Do quit your day job: the strange careers of comics creators

There’s no single best way into the comics industry, but a lot of creator biographies follow a similar trajectory. Veterans of the Golden Age started out as newspaper cartoonists, commercial artists or contributors to the fledgling fanzine scene. Many Silver Age greats came out of art schools or had previously worked as commercial illustrators. And modern creators who find work at the big two are likely to have track records in independent or online comics. But not everyone follows a sensible career path, either into or out of the comics industry. Here are four examples of people who had the kind of jobs you wouldn’t expect before (or after) they started making comics.

Alan Moore

The wizard of British comics started working in the field at a young age, but it wasn’t his first job. After being expelled from school in 1971, Moore worked at a series of frustrating, dead-end jobs that included cutting up sheep carcasses, packing magazines in a bookseller’s warehouse and cleaning hotel rooms. Moore has described the years of the 1970s — he wouldn’t begin to be published consistently until the end of the decade — as “a long downward progression that ends as a comics writer.”

Grant Morrison

The other star occultist of British comics did some comic writing throughout the late 1970s and early 1980s, including licensed Doctor Who and Zoids comics for Marvel, but his real goal in the early 80s was to be a rock star.
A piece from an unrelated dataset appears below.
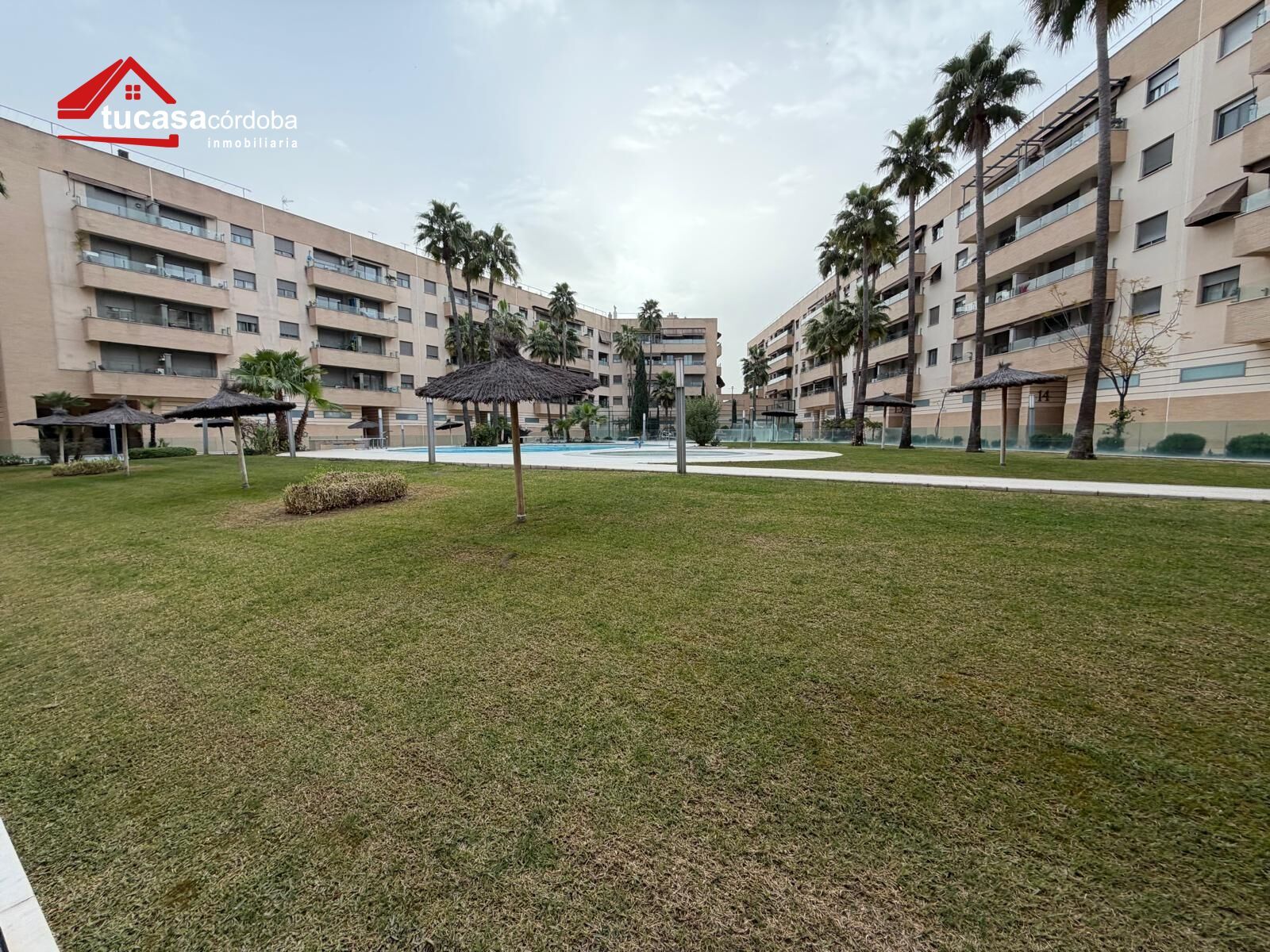 Swimming pool of Flat for sale in  Córdoba Capital  with Air Conditioner, Parquet flooring and Terrace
In fact, a few songs by Morrison’s band, The Mixers, did achieve some recognition — but by the time they did, the band had already more or less broken up.

Mind you, some people would say that Morrison’s been playing the rockstar role in comics ever since.

Bill Mantlo

Bill Mantlo’s path into comics was pretty typical, but his post-comics career was very unusual. A lifelong comics fan, he went to art school and eventually joined Marvel as a colorist in 1974. He became better known as a writer, though, renowned for his ability to bash out a fill-in script on a tight deadline. Mantlo’s work on Micronauts and ROM: Spaceknight is still remembered, but today he’s probably best-known for co-creating Rocket Raccoon. As the 1980s wore on, though, Mantlo began looking for a new career. He went to law school, passed the bar exam and took a job in 1987 as a public defender, a challenging and far from high-paying job.  Sadly, Mantlo’s legal career was cut short when he was struck by a hit-and-run driver, an accident that left him with permanent brain damage.

Jim Steranko

Jim Steranko is known for his psychedelic work on classic Marvel spy-fi series Nick Fury, Agent of S.H.I.E.L.D. Prior to breaking into comics, Steranko had worked as a commercial artist, a not-uncommon career path for comics artists in the late 1950s. In addition to commercial illustration, however, Steranko had also worked in a number of other fields. He performed in a rock band and worked as an illusionist and escape artist. In fact, both Jack Kirby’s escape-artist character Mister Miracle and Michael Chabon’s later creation The Escapist are said to have been based on Steranko!

Mister_Miracle_Vol_1_7

And that’s just writers and artists. If we were to go into publishers, particularly publishers of the Golden Age, we’d be looking at a motley crew of get-rich-quick artists, scoundrels, quasi-pornographers, mob hangers-on and just downright weirdos. But that’s a story for another time.